[Opening DATA EXTRACT section]

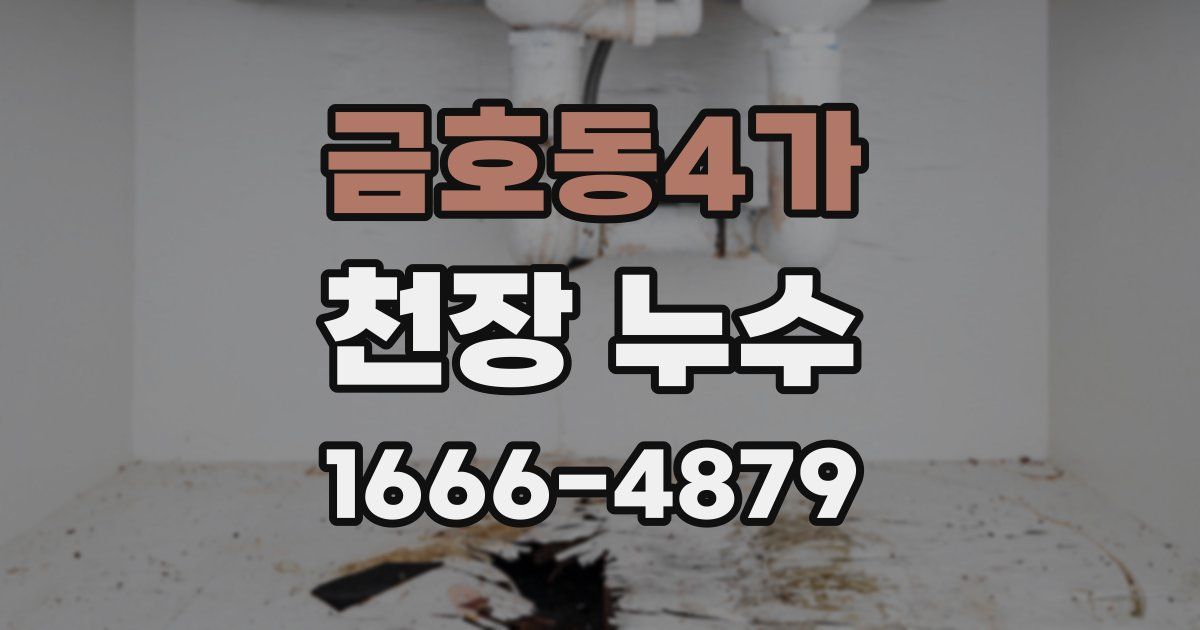 금호동4가 천장 누수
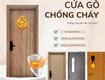 Cửa gỗ chống cháy 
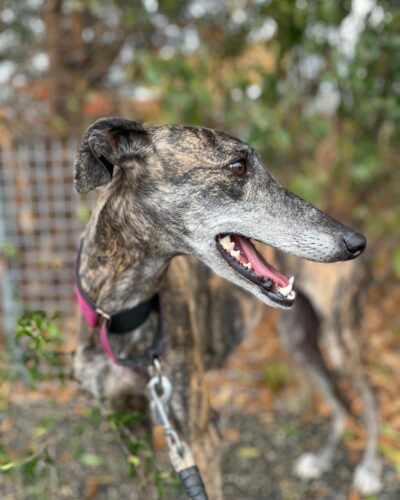 IMG-20251029-WA0034 IMG-20251029-WA0034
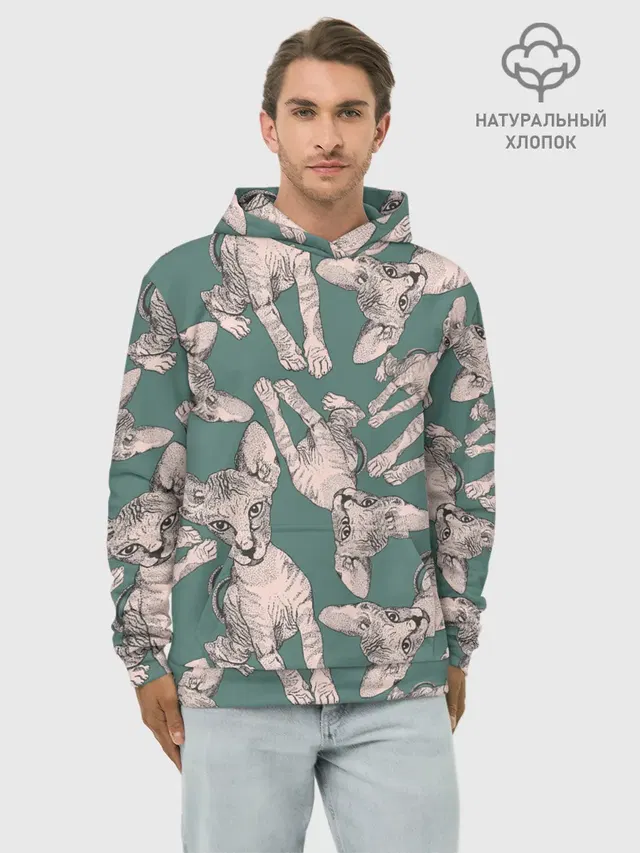 Котёнок сфинкса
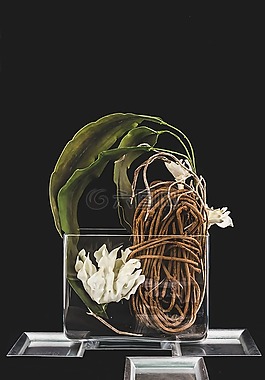 插花,花卉,装饰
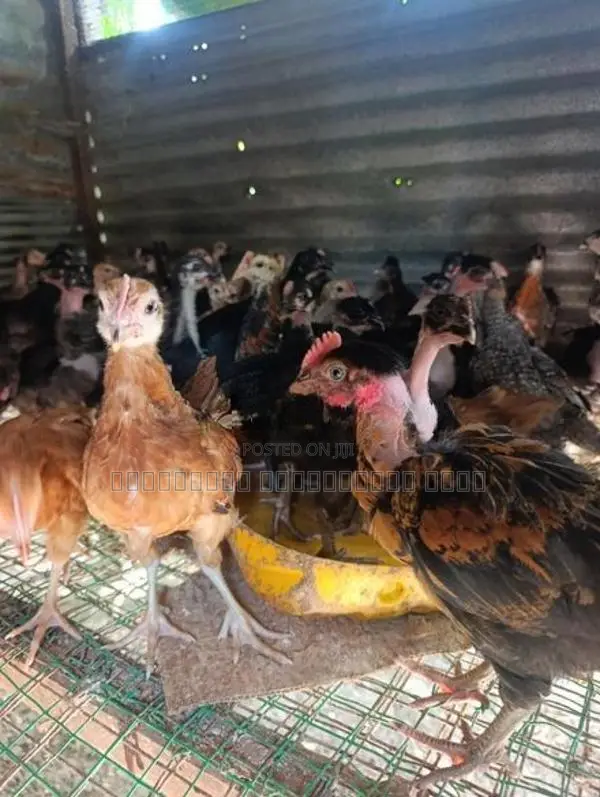 ஆரோக்கியமான நாட்டு கோழி குஞ்சுகள்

[Closing DATA EXTRACT section]

• _THE TASK_
All that is wanted is an exact copy of the lines from the line bearing "IMG-20251029-WA0034 IMG-20251029-WA0034" through the final line of the entries, including both ends but no pictures.

• _WRITTEN ANSWER_
 IMG-20251029-WA0034 IMG-20251029-WA0034
 Котёнок сфинкса
 插花,花卉,装饰
 ஆரோக்கியமான நாட்டு கோழி குஞ்சுகள்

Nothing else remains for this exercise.